> [Dataset excerpts]

┄┄┄┄┄┄┄┄┄┄

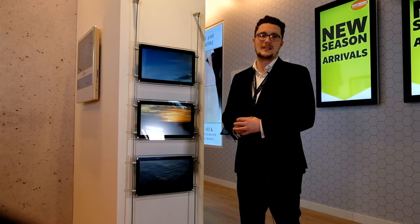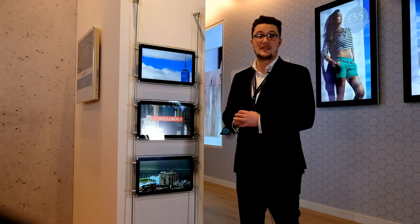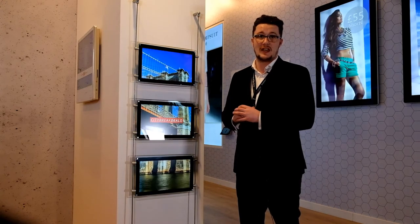Hi, I'm Matthew Scott at AllSea Technologies, and this is our new 15-inch rod displays which we'll be releasing later on this year.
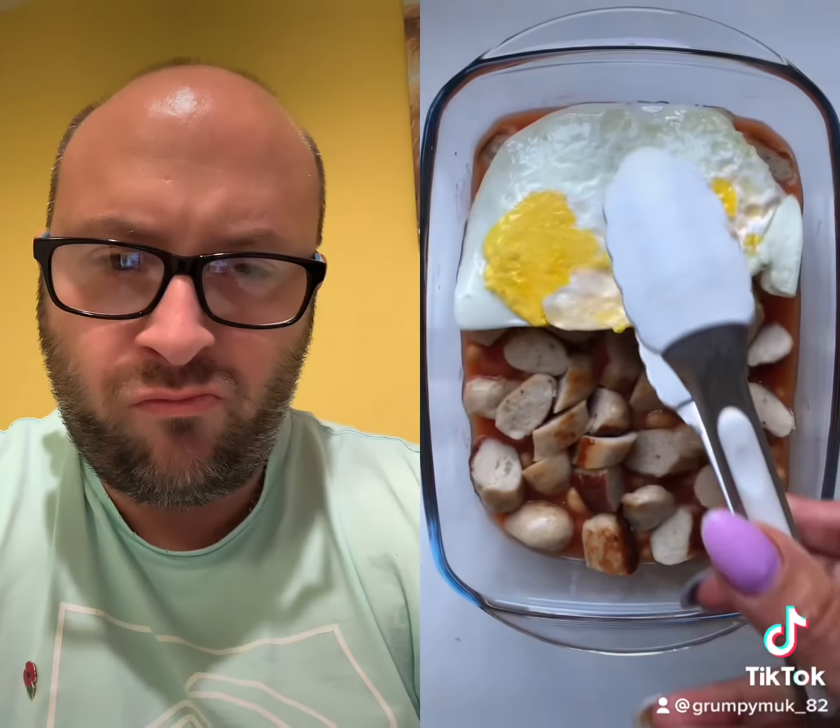...that sausage. Chop the sausages on top of the beans — trust me, this dish is pure comfort. Next, layer on your fried eggs. I like to add four fried eggs.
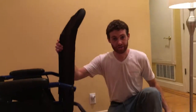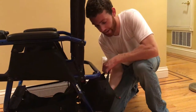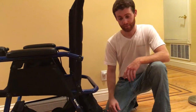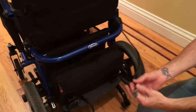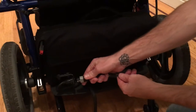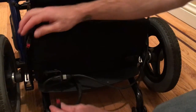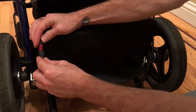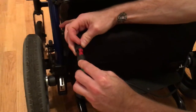Then we want to come around to the back and put in the battery pack. From there we have the cord that attaches here and the cord that goes to the actual battery pack and attaches right here — black on black and red on red.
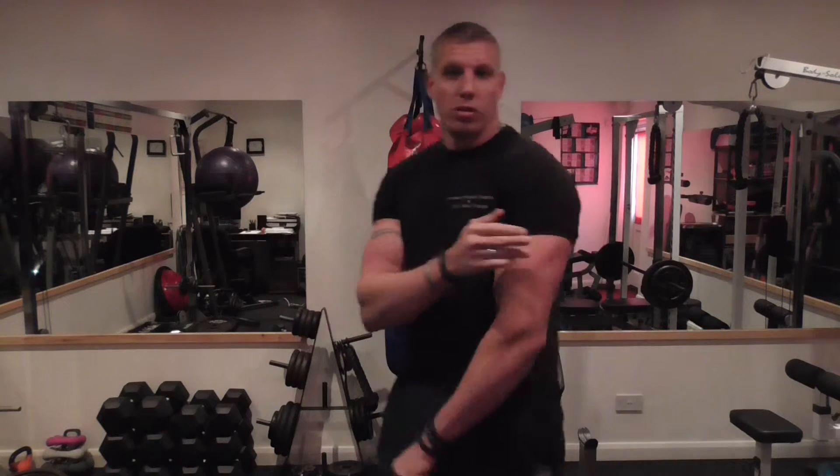We're going to talk about biceps. There are two heads to the bicep: the outer brachialis and the inside brachialis, which is the inside head. As for arms as a whole, you've got your forearms, triceps, biceps, and if you want to incorporate the shoulders.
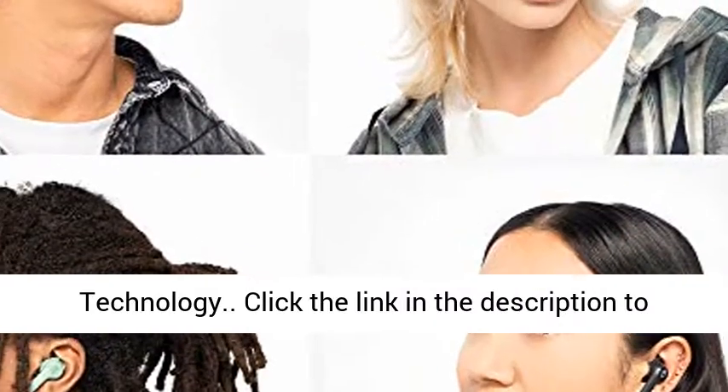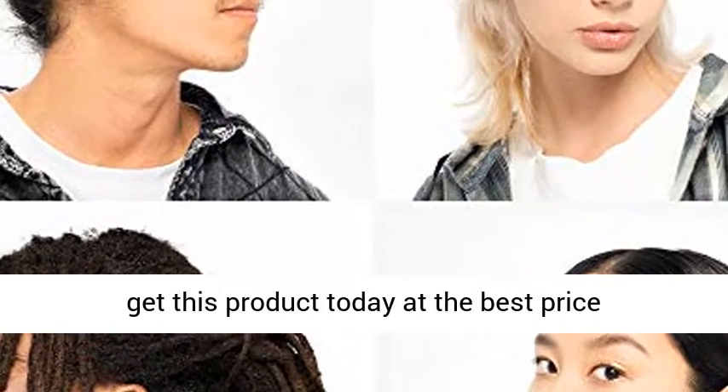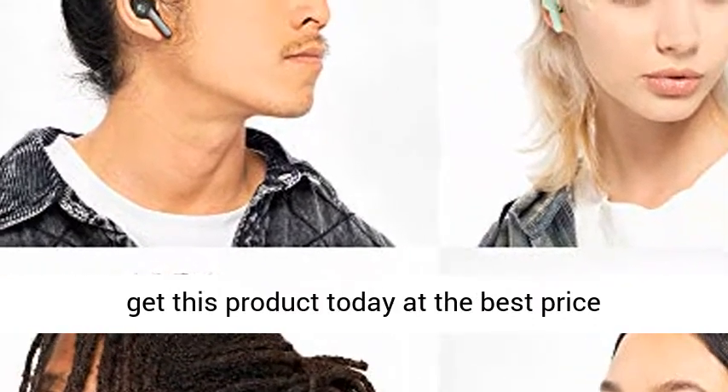Built-in Tile technology. Click the link in the description to get this product today at the best price.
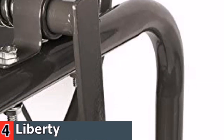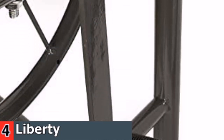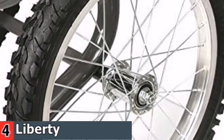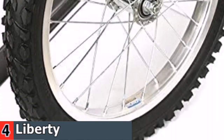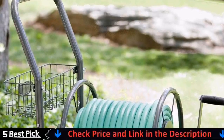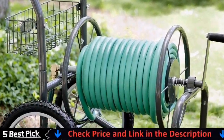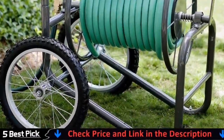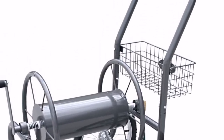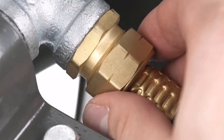Liberty Garden Products industrial and commercial-grade hose reel carts are sure to make your watering projects easy and quick. The 880-22 wheel hose cart is made of 13-gauge steel and features a smooth reel that lets you pull out as much hose as needed, then easily winds back. It has a durable powder coat finish for protection from most elements, and all fixtures are brass or galvanized. It holds up to 300 feet of 5/8 inch hose.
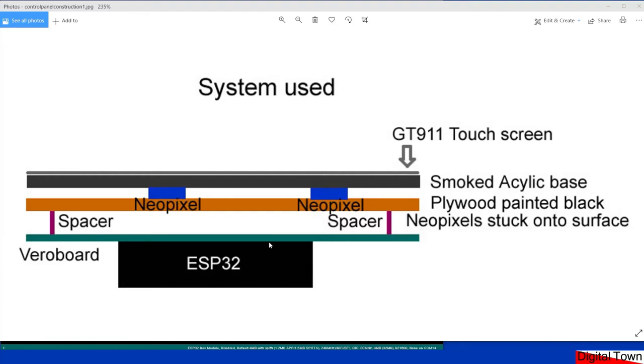I'm using ESP-NOW, which is a mini Wi-Fi system specifically for the ESP32, ideal for sending small messages between ESP modules. I'm essentially sending my own DCC commands back to my main controller. All I required was five volts in — that powered the ESP32, the NeoPixels, and the touchscreen. On the Digital Town website there'll be a write-up of the whole construction, the problems I went through, and some alternatives.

┄┄┄┄┄┄┄┄┄┄

> [How to complete this task]
Using the records above, repeat exactly the run of lines that starts with the line with "We're going to" and goes on through the line with "Built-in Tile technology."; omit each picture.

> [Answer space]
We're going to talk about biceps. There are two heads to the bicep: the outer brachialis and the inside brachialis, which is the inside head. As for arms as a whole, you've got your forearms, triceps, biceps, and if you want to incorporate the shoulders.
Built-in Tile technology. Click the link in the description to get this product today at the best price.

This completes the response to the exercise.